Voltando ao Texas, descobri que tem várias cidades com nomes interessantes e que algumas apresentam coisas diferentes, insólitas mesmo. Paris, por exemplo, a melhor pequena cidade do estado, tem até uma réplica da Torre Eiffel. Só que com um chapéu de cowboy no alto. E que é vermelho! Gustave Eiffel, lá do céu, deve ter ficado louco quando viu isso. Seu maravilhoso projeto foi alterado e ganhou um adereço que não combina com a obra. Mais uma coisa diferente? Vá até Hunt, onde poderá visitar a réplica de Stonehenge, cuja altura equivale a pouco mais da metade do monumento original na Inglaterra, e que tem quase a mesma circunferência. Para completar, estão lá também réplicas das estátuas encontradas na Ilha de Páscoa.
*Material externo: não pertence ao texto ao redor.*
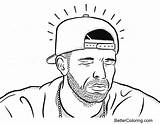 Coloring Rapper Drake Pages Printable Kids sketch template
Pisa tem sua torre inclinada? A cidade texana de Groom tem uma também... só que é uma torre com um reservatório de água. Pensa-se logo que perdeu o prumo por causa de um furacão, mas não foi nada disso. Para atrair mais fregueses para seu restaurante, o dono do estabelecimento contratou engenheiros que atenderam ao seu sonho maluco e projetaram com a inclinação. O restaurante pegou fogo há algum tempo atrás e não existe mais. A torre, no entanto, continua inclinada e chamando atenção. Talvez sobreviva à maravilhosa torre italiana.
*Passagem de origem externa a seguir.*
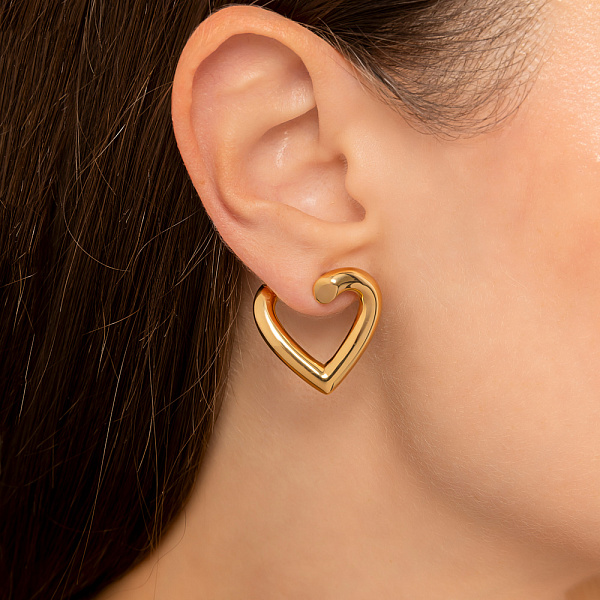 Золотые серьги Francelli Сердце без камней (арт. е1091987/20ж) – изображение 3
Confesso não saber qual dessas idéias é a mais estranha, mas um dos mais fortes candidatos é o Cadillac Ranch, em Amarillo, junto à histórica Rota 66. Um milionário excêntrico juntou dez cadillacs usados, daqueles “rabo de peixe”, e enterrou-os em seu campo de trigo até a metade, deixando de fora só a traseira. Os visitantes são convidados a ilustrar as carrocerias, cada um escrevendo o que quiser, desde declarações de amor eterno, passando por estranhas mensagens ao mundo e chegando a manifestações delirantes. Os menos ousados preferem escrever apenas o nome ou as iniciais. Entretanto, quando a excentricidade faz com que um milionário chinês reconstrua a Cidade Proibida de Beijing, talvez possamos aplaudir de pé. Temos, em Houston, uma espécie de parque temático histórico, que é realmente um assombro. Em réplicas com 1/3 do tamanho original, podemos ver o exército de 6.000 soldados em terra-cota do Imperador Qin. E a cidade em si apresenta-se com um vigésimo do tamanho original. Não sei se procede a informação, mas soube que os próprios chineses que moram no Ocidente preferem vir ver essa aqui a enfrentar toda a burocracia para ir até a China.
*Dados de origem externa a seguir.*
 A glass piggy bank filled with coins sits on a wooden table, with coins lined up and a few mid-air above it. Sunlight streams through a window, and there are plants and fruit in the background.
E como se não bastasse, surpreendi-me, há alguns dias, com uma das paisagens mais belas que já vi. Eram oito e meia, e a noite acabara de chegar. O Centennial Park, todo gramado, parecia um lago verde, margeado por árvores majestosas, belíssimas... não se vislumbrava uma única construção. No céu do mais puro azul escuro, uma enorme lua cheia, dourada, mas tão dourada, que custei a acreditar no que estava vendo. Emocionada, torci pelos que, naquele momento, sonhavam com seus amores. Implorei aos poetas que pensassem suas rimas e, com a magia daquela lua, encantassem as palavras e fizessem nascer os mais belos poemas... Era a Natureza, vitoriosa, exuberante. As estrelas, escondidas, não quiseram aparecer, humilhadas com tamanha beleza. O Texas me oferecia um céu para que eu nunca mais pudesse esquecer essa terra que, honrando seu nome, fez com que eu me sentisse em casa, entre grandes amigos.